In the above example the deadlock happened in the transaction starting a position 95929905, however the SQL thread started the next attempt at position 95929665 and it then failed setting @`current_date`. Failing to set a user variable doesn't change thd->net.last_errno, so the retry algorithm will keep retrying until slave_trans_retries attempts has been made.

A "START SLAVE SQL_THREAD" will make the slave start again and at this time all works.

There are three issues with the above example:

1: Why does the slave fail to apply the user variable when it is inside the retry loop?
2: Why is it jumping back further than to the start of the transaction? I know it should be harmless to re-apply the user variables, but the principle seems wrong.
3: It can't be seen from the relay log extract above, but the user variable events between the COMMIT and the BEGIN events actually originated on the slave itself. When a user variable event is replicated, the slave writes the event into its binlog with the server id of the slave instead of the one of the originating server (see patch suggestion below).

How to repeat:
Unfortunately I do now have a simple case of how to replicate the issue with the deadlock retry not being able to resolve. If we put the server under heavy load and on purpose ensure updates to the same tables/records happen at both server, then we are usually able to replicate it.

The wrong server id for the user var events can be replicated by enabling logging of slave updates and issue a query that uses a user variable on the master.

Suggested fix:
Attached is a proposed fix for the server id for the user variable events. Making this change will also make it behave the same way as intvar and rand events.
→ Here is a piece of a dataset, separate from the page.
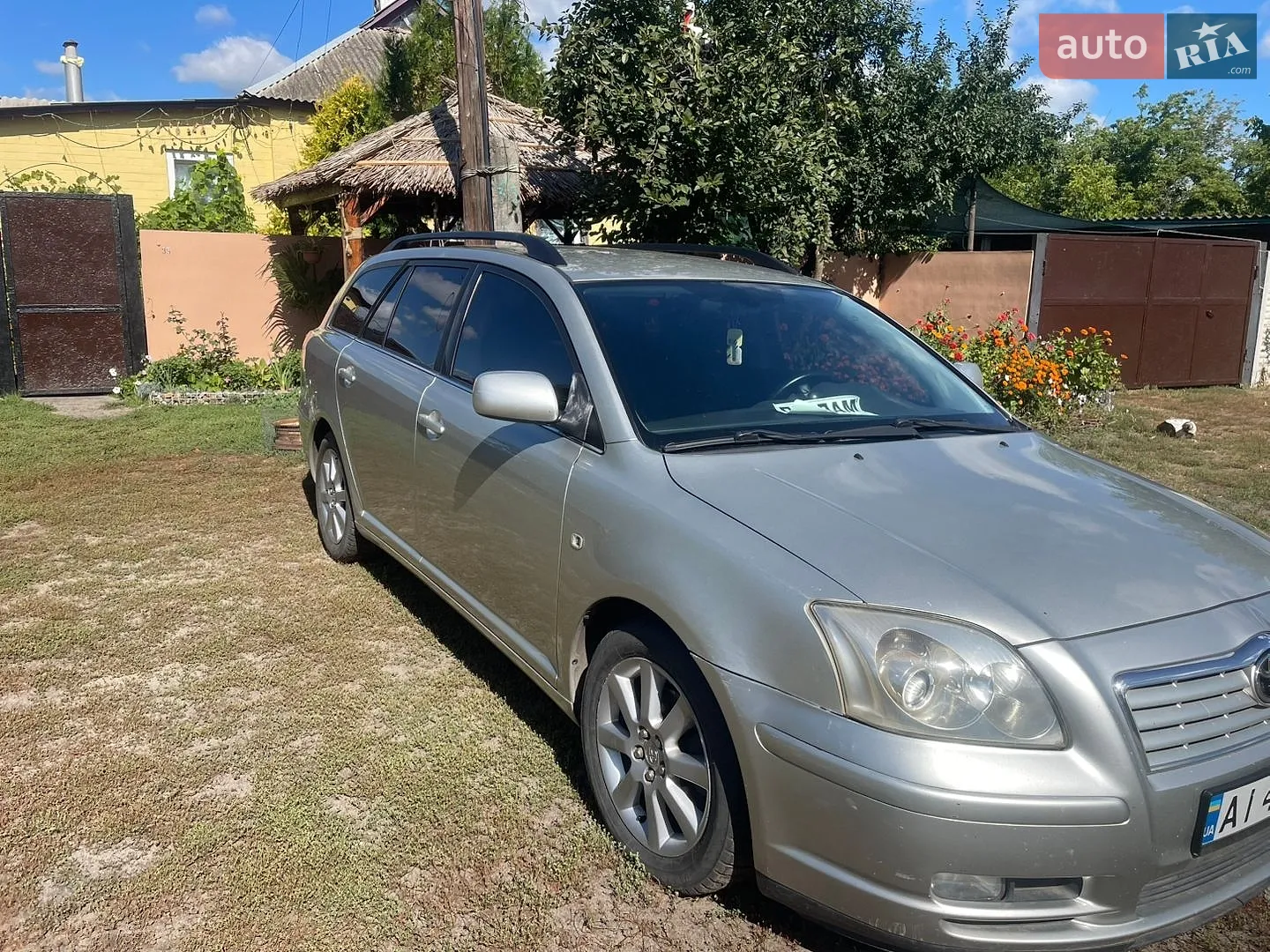 Toyota Avensis, 2003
The attached fix is for 5.0.77, but it should be simple enough to port to other versions.

It appears that this stops the deadlock retries from breaking, however I am not really convinced that it takes care of the underlying issue(s) - more that it hides it.
[11 Mar 2010 7:39] Jesper Wisborg Krogh
Patch for MySQL 5.0.77 to have the server id for user var events correspond to the server id of the originating server

Attachment: user_var.patch (text/x-patch), 4.61 KiB.
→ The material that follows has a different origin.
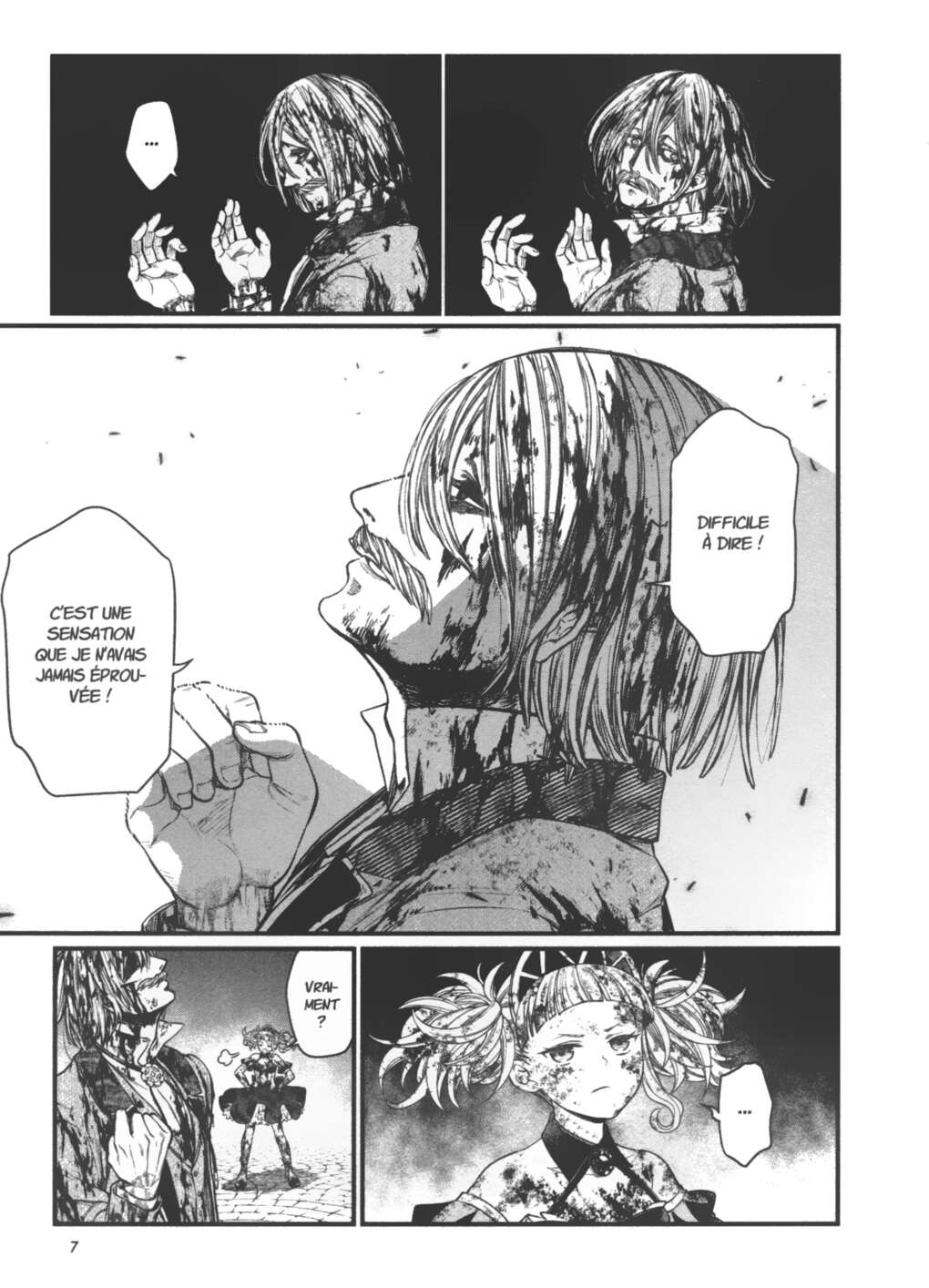 Read Valkyrie Apocalypse VF Manga Online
[21 Apr 2010 8:29] Sveta Smirnova
Thank you for the report.

Please send us output of SHOW SLAVE STATUS\G in time when failure occurs.
[18 May 2010 7:06] Jesper Wisborg Krogh
We have already patched all our systems to use a build of MySQL that includes the patch attached above. Given that I unfortunately do not know how to replicate the issue on cue, I cannot provide an output of SHOW SLAVE STATUS\G, however from memory the Last_Errno and Last_Error is just a normal deadlock error, and then Slave_SQL_Running = No.
[2 Jun 2010 10:04] Sveta Smirnova
Thank you for the feedback.

I was not able to repeat described behavior using test data, so closing report as "Can't repeat". Feel free to reopen it if you have more information.